A morning news anchor in Los Angeles says Sen. Al Franken (D-Minn.) kissed and groped her without her consent in 2006 while he was headlining a show to entertain troops overseas.
In a post on 790 KABC, Leeann Tweeden said Franken, then a comedian, wrote a scene involving her and his character kissing, which he insisted needed to be rehearsed before the show. Despite her protests, Franken demanded, Tweeden wrote, and after agreeing to do it in order to have him “stop badgering me,” Franken “came at me, put his hand on the back of my head, mashed his lips against mine and aggressively stuck his tongue in my mouth.”
Tweeden said they were traveling back to Los Angeles and she fell asleep on a cargo plane in a flak vest and Kevlar helmet. When she later looked through photographs provided by a photographer, she saw a picture of Franken grabbing her chest while she was sleeping. The photo, which is embedded in Tweeden’s article, shows Franken smiling as he touches her breasts and poses for the camera.
I’ve decided it’s time to tell my story. #MeToohttps://t.co/TqTgfvzkZg
— Leeann Tweeden (@LeeannTweeden) November 16, 2017
“I couldn’t believe it. He groped me, without my consent, while I was asleep. I felt violated all over again. Embarrassed. Belittled. Humiliated,” Tweeden wrote, later adding: “You knew exactly what you were doing. You forcibly kissed me without my consent, grabbed my breasts while I was sleeping and had someone take a photo of you doing it, knowing I would see it later, and be ashamed.”
Shortly after Tweeden posted her accusation, Franken said he “shouldn’t have done” the photo but claims he remembered the rehearsal differently.
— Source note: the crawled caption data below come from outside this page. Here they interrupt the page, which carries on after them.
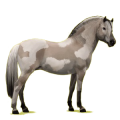 Pony Norweger Braunfalben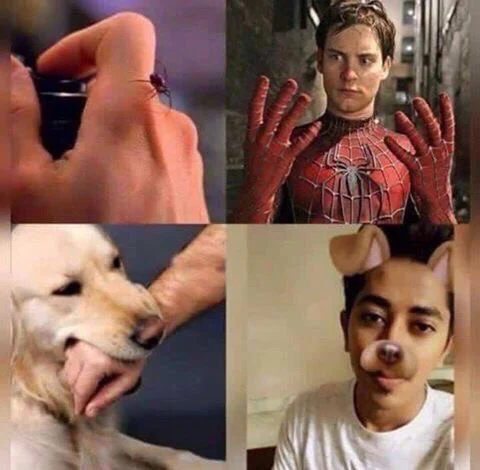 r59LCqOqjDs.webp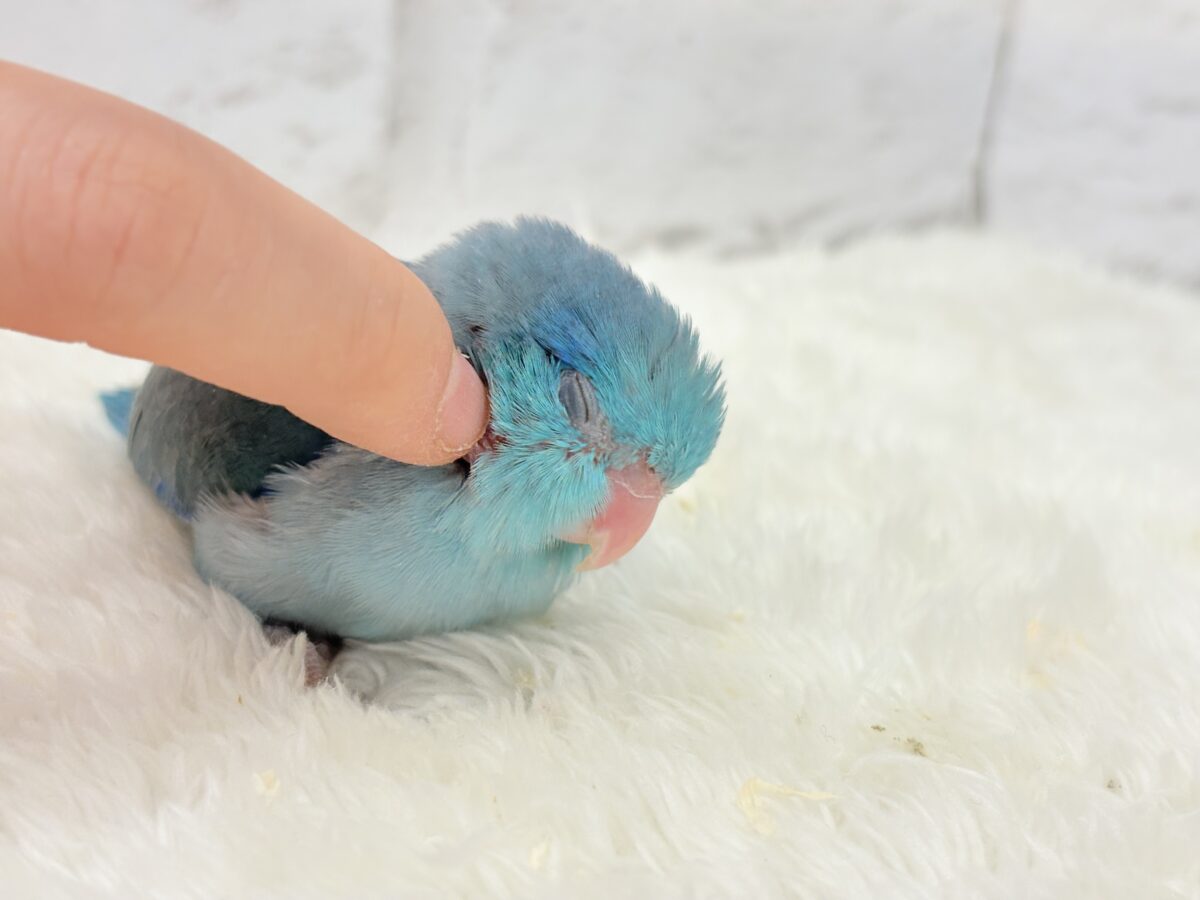 【最新画像更新🪄】美形怪獣に魅了されるゾ🐣💙マメルリハ(ブルー)男の子 ヒナ マメルリハ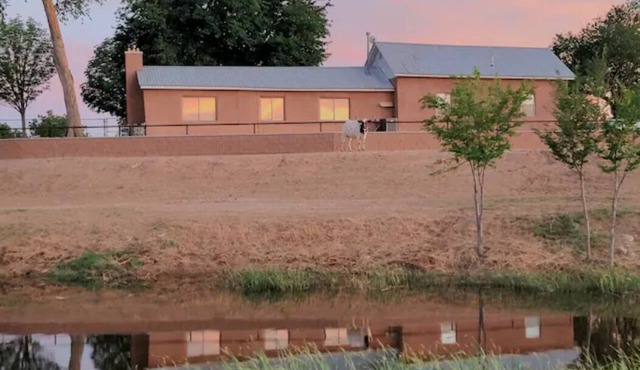 Classic farmhouse on 20 acres, no cleaning fee!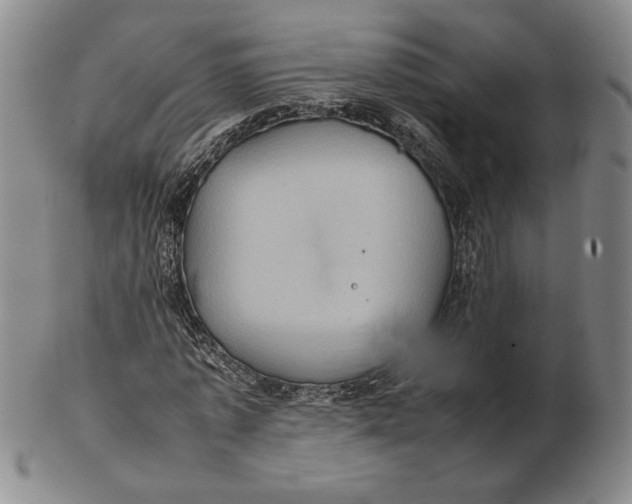 X0000102340773200808221630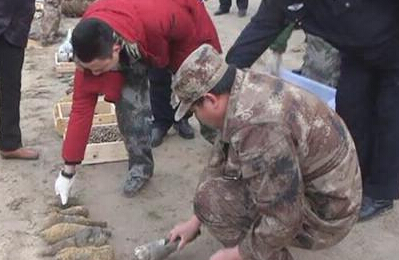 江苏盐城警方集中销毁近十万发废旧枪炮弹”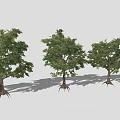 Multiple Lush Green Trees With Aerial Roots Against Gray Background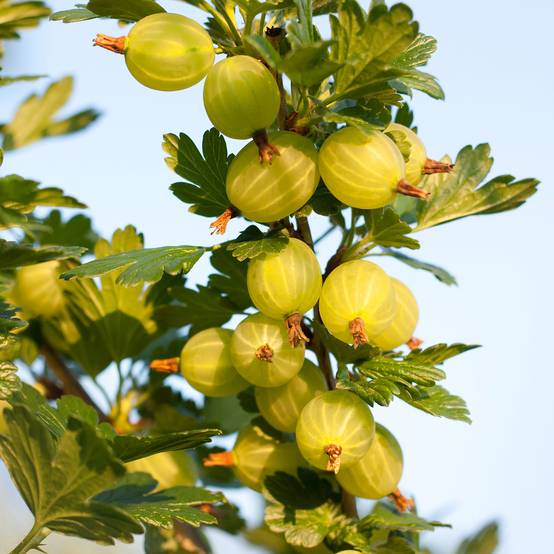 Groseillier à maquereaux Crispa Goldling - Ribes uva-crispa Pot de 1,5L/2L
“I certainly don’t remember the rehearsal for the skit in the same way, but I send my sincerest apologies to Leeann,” Franken said in a statement provided to the Daily Beast. “As to the photo, it was clearly intended to be funny but wasn’t. I shouldn’t have done it”
Tweeden wrote that she decided to share her story after listening to Rep. Jackie Speier (D-Calif.) talk about being sexually assaulted when she was a congressional aide.
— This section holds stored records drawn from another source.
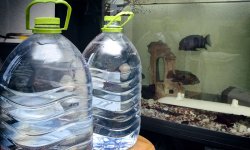 Можно ли в аквариум бутилированную воду?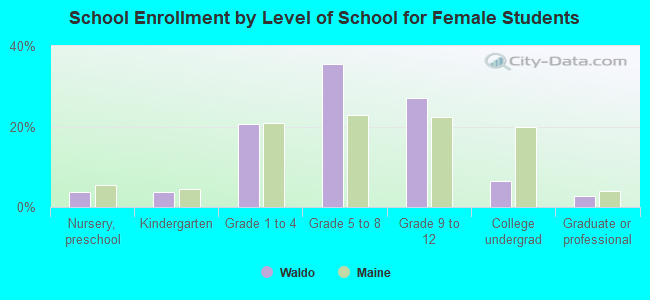 School Enrollment by Level of School for Female Students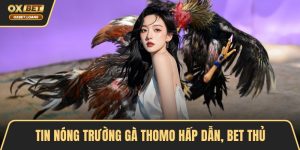 Tin Tức Giúp Người Chơi Làm Chủ Chiến Lược Cá Cược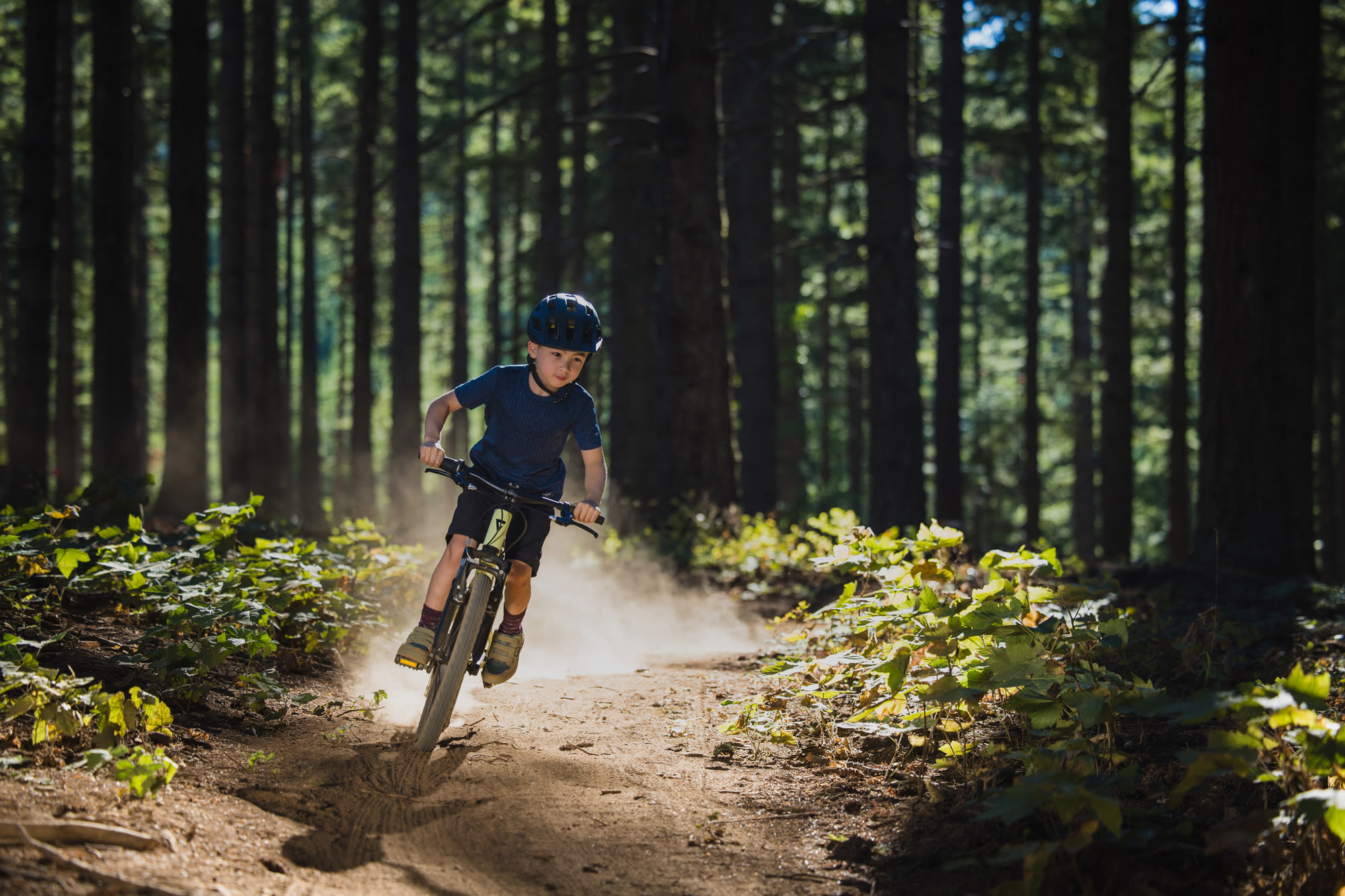 Laste jalgratas GIANT Talon 20, Muscat Blanc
You can read all of Tweeden’s account here.
Update 12:30pm CT, Nov. 16: In a second statement issued on Thursday, Franken further apologized to Tweeden and others.
“I respect women,” Franken said in a statement. “I don’t respect men who don’t. And the fact that my own actions have given people a good reason to doubt that makes me feel ashamed.”
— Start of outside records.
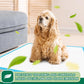 Immcute Puppy Pee Pads, 100 Ct, 22x23", Super Absorbent Disposable Training Pads for Puppies, Dogs & Pets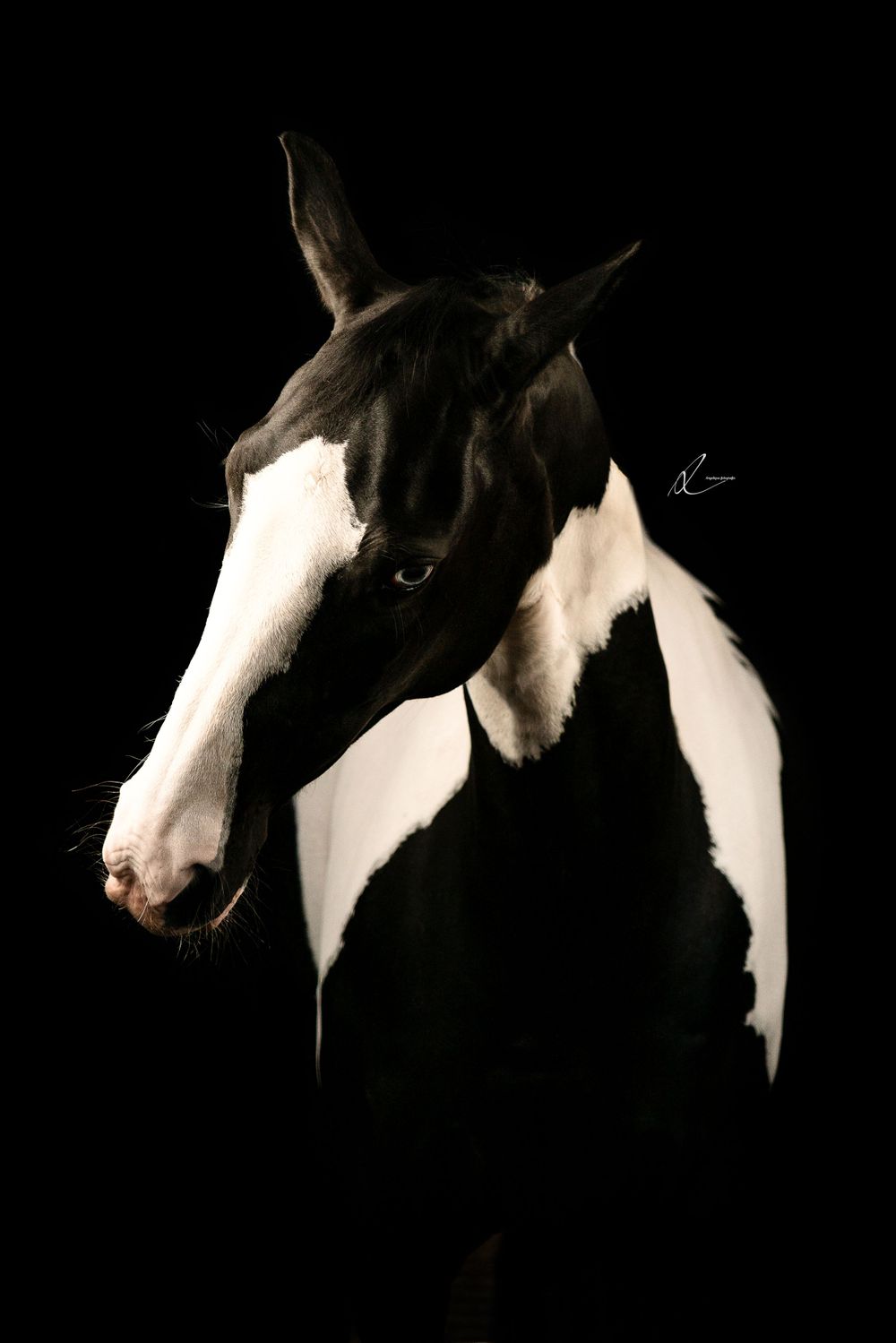 A black and white paint horse portrait against a dark background shows striking contrast in dramatic lighting.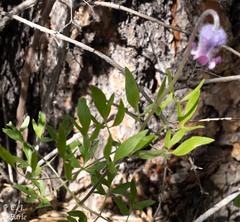Clematis hirsutissima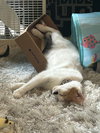 Tula - Photo 11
NEW FRANKEN STATEMENT pic.twitter.com/c3puSkK9Ts
— Sam Stein (@samstein) November 16, 2017
Franken said there was “no excuse” for him to take the picture and called it “completely inappropriate.” Franken also repeated that he does not remember the rehearsal for the skit “as Leeann does.”
“It’s obvious how Leeann would feel violated by that picture. And what’s more, I can see how millions of other women would feel violated by it—women who have had similar experiences in their own lives, women who fear having those experiences, women who look up to men, women who have counted on me,” he wrote.
Franken said he would cooperate with an ethics investigation into his behavior.